*Work to complete*: Copy the data exactly from the line that contains "Material biológico de" through the line that contains "A montage image", keeping both end lines and leaving out everything else.

*Data records*:
#####

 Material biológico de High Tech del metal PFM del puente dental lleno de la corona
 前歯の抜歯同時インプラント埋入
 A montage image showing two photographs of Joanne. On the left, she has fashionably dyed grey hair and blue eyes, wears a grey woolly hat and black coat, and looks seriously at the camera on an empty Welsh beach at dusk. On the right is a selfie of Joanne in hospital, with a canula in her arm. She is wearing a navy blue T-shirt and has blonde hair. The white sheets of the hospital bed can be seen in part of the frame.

#####

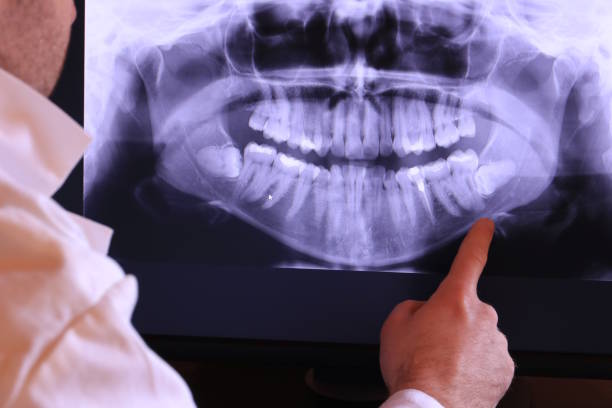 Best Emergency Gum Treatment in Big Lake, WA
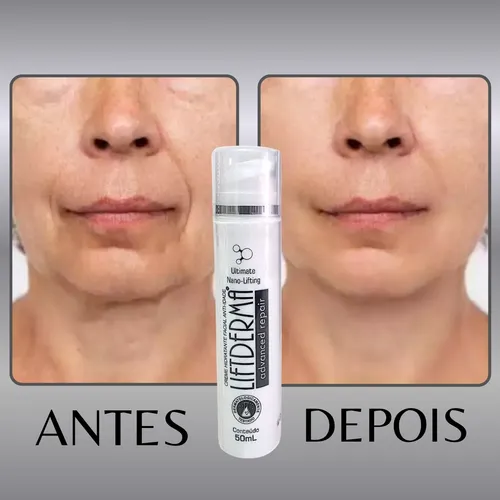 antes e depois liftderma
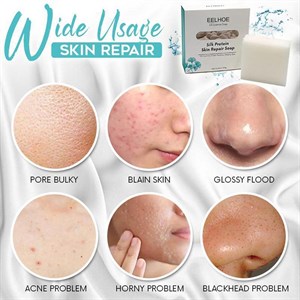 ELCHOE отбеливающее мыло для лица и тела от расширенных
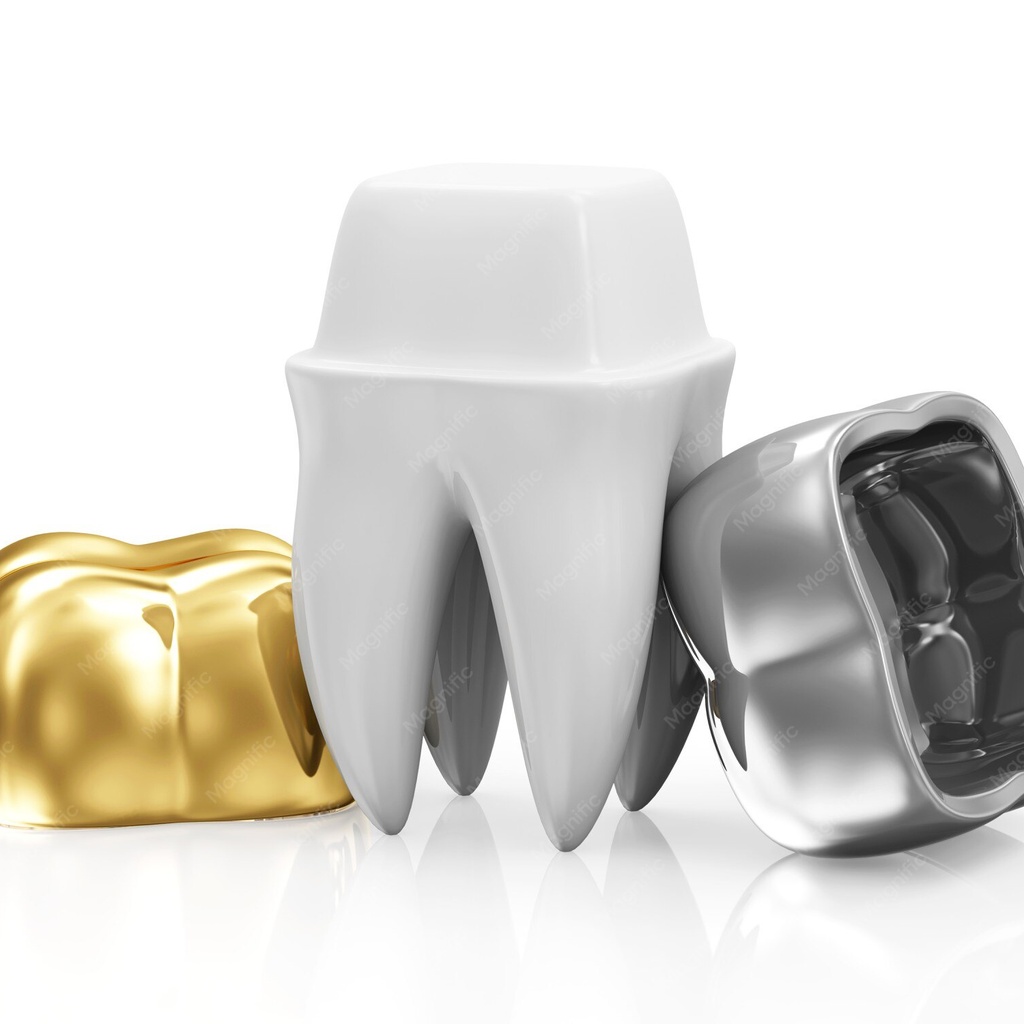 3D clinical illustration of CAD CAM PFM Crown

#####

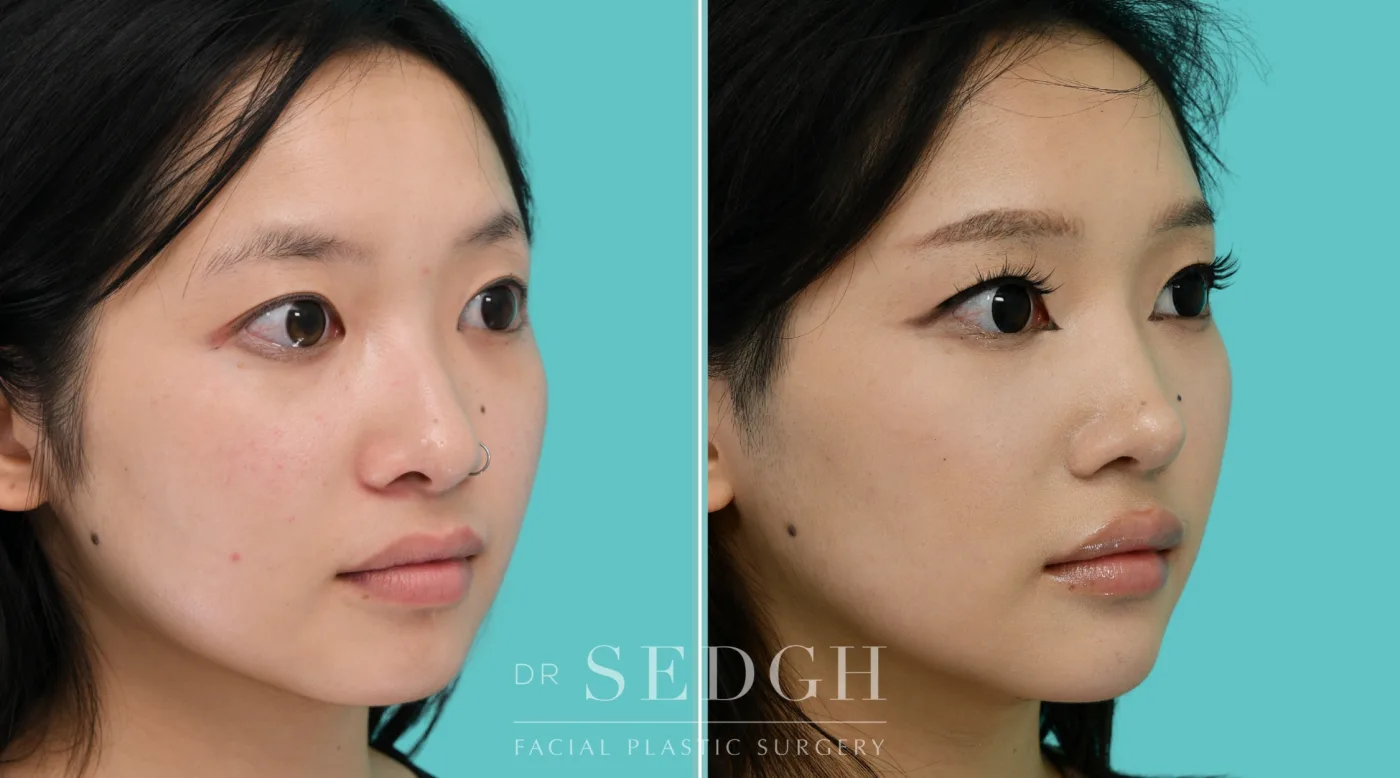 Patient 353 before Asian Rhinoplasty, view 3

#####

*Solution for this problem*:
 Material biológico de High Tech del metal PFM del puente dental lleno de la corona
 前歯の抜歯同時インプラント埋入
 A montage image showing two photographs of Joanne. On the left, she has fashionably dyed grey hair and blue eyes, wears a grey woolly hat and black coat, and looks seriously at the camera on an empty Welsh beach at dusk. On the right is a selfie of Joanne in hospital, with a canula in her arm. She is wearing a navy blue T-shirt and has blonde hair. The white sheets of the hospital bed can be seen in part of the frame.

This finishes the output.